We are running three quadrupole orbitrap instruments (QExactive, QExactive Plus, Exploris 480) and one linear ion trap (LIT) FT-MS instrument (OrbitrapXL+ETD), that are coupled online via electrospray ionization (ESI) source interfaces to nanoUHPLC (LC-MS). NanoUHPLC reversed phase (RP) separation enables the use of columns with a length of up to 50 cm that in conjunction with sub-2μm bead capillary columns offer superior separation power for complex tryptic peptide mixtures. Recently the EvosepOne HPLC system that coupled to the Exploris 480 can be operated in both the high-throughput microflow and highly sensitive whisper nanoflow (100 nl/min) LC-MS mode was added. We constantly monitor (QC) the LC-MS setup with the help of in-house adopted software (Biognosys QuiC, PTXQC).
Prefractionation and sample preparation
A mammalian cell expresses ~10,000 to 12,000 protein-coding genes with an average protein copy number ranging from 1,000 to 10,000 molecules per cell. Therefore, the number of different proteoforms (due to alternative splicing, alternative transcription and translation start points, PTMs etc.) present in a given cell type is estimated to range between 200,000 to 1,000,000. Currently, even the most advanced LC-MS platform is not able to deal with this complexity and this is why prefractionation is considered key to address this under-sampling problem.
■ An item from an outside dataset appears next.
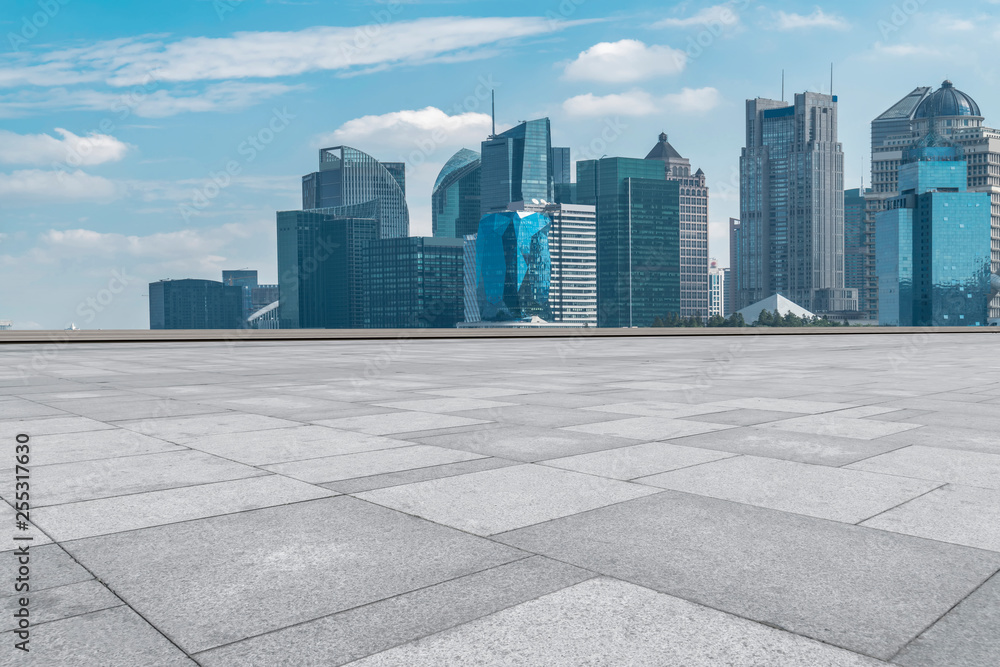 Air highway asphalt road and office building of commercial building in modern city Air highway asphalt road and office building of commercial building in modern city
Pre-fractionation of high complexity samples (e.g. whole cell proteomes) is commonly achieved either at the protein level by SDS-PAGE or at the peptide level via peptide-SAX, SCX, HpH-RP or RP-SCX (iST fractionation).
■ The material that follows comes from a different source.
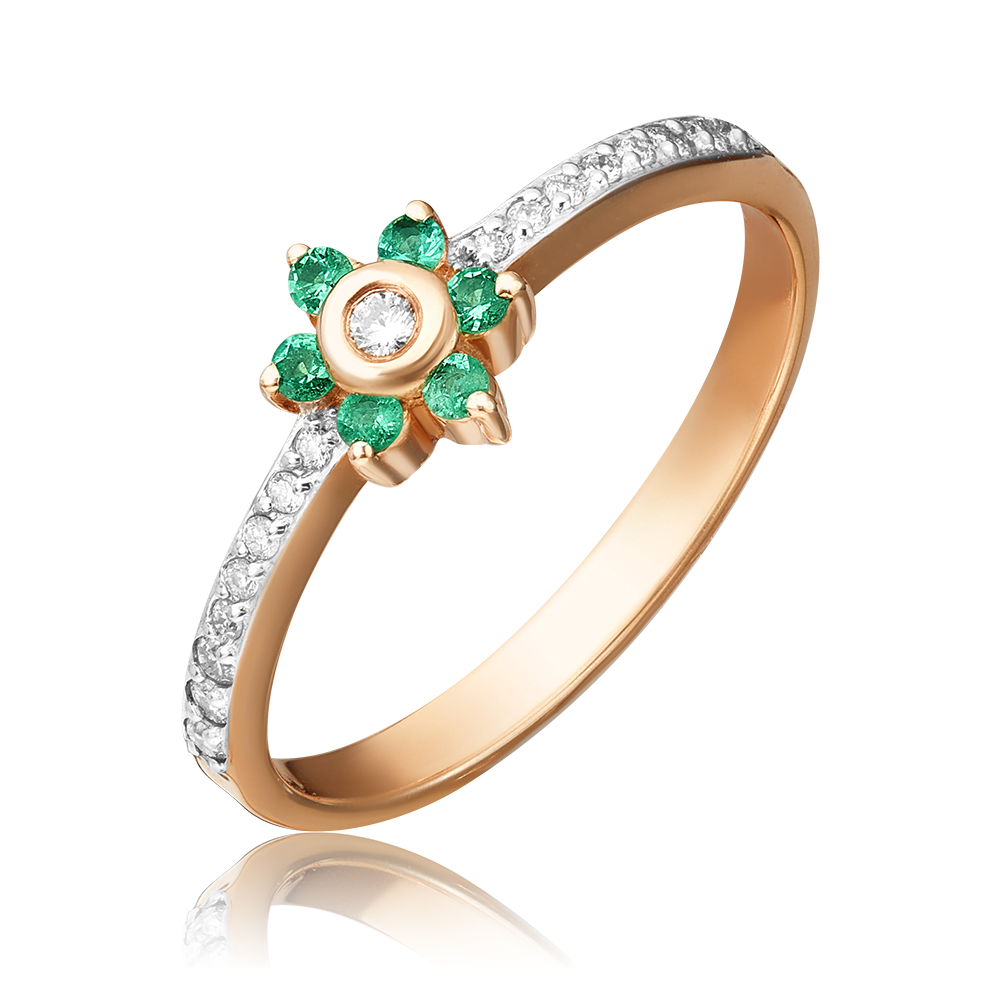 Кольцо из красного золота с бриллиантами и изумрудами 01-0463-00-106-1110-30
Depending on the sample, proteolytic digestions are performed either in-gel, in solution/suspension (iST or SP3 technology), on-bead (affinity pull-downs) or by FASP (filter-aided sample preparation). Sample preparation by SPE (solid phase extraction) is performed offline (semi-automated) in a microcolumn-in-a-tip (STAGE tips) format. This set-up is very flexible and can accommodate reversed phase (standard), strong anion and cation exchange (SAX, SCX), HILIC (hydrophilic interaction chromatography) as well as affinity chromatography beads (e.g. titania-MOC for phosphopeptides).
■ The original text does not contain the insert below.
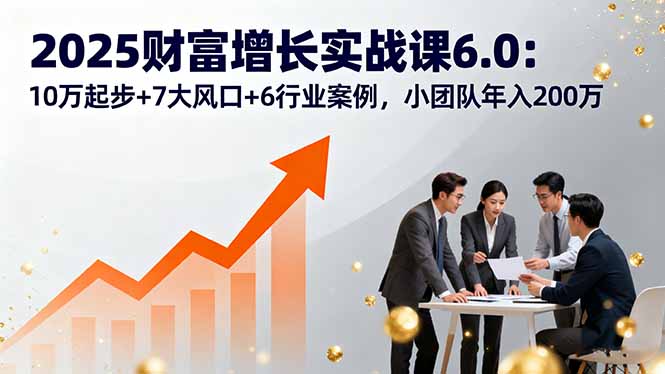 2025财富增长实战课6.0：10万起步+7大风口+6行业案例，小团队年入200万-青年网赚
Quantification of SILAC-MS data is achieved with the MaxQuant and Perseus software environment. Similarly, for conducting label-free quantitative proteomics, we make use of the MaxQuant LFQ algorithm followed by R scripts and lima statistics. The bioinformatics pipeline additionally consists of the Thermo Proteome Discoverer 2.5 platform (LFQ, TMT quantification) and a PEAKS Studio workstation connected to a Mascot Server for automated (de novo) peptide sequence tag assisted multi-engine database searching. Likewise, DIA/HRM and targeted PRM data are processed on a Spectronaut Pulsar/SpectroDive workstation.
Standard service includes protein ID from silver or colloidal coomassie stained gels, peptide mapping (protein characterization by several proteases), and investigation of simple bead-associated proteomes/interactomes. Deep analyses of high-complexity proteomes (e.g. whole cell and organellar proteomes), studies of PTMs and sophisticated quantitative analyses (large scale interactomics, APEX proximity labeling) are much more time consuming and are therefore considered as scientific collaborations. Single-shot proteome-wide analysis identifying and quantifying proteins in the range of two to five thousand protein groups are available on a routine basis. Users hand-in their samples via our in-house sample submission and archiving system (MS-Web) enabled by a web browser interface:
Our research focus encompasses the application and development of proteomic methodologies for elucidating protein-RNA and protein-DNA interactions. Moreover, spatial proteomics through proximity-labeling approaches (e.g. APEX) as well as the analysis of chromatin and transcription factor proteomes define our key interests. In this context, we pursue targeted PRM analysis of histone PTMs in mouse and human cells.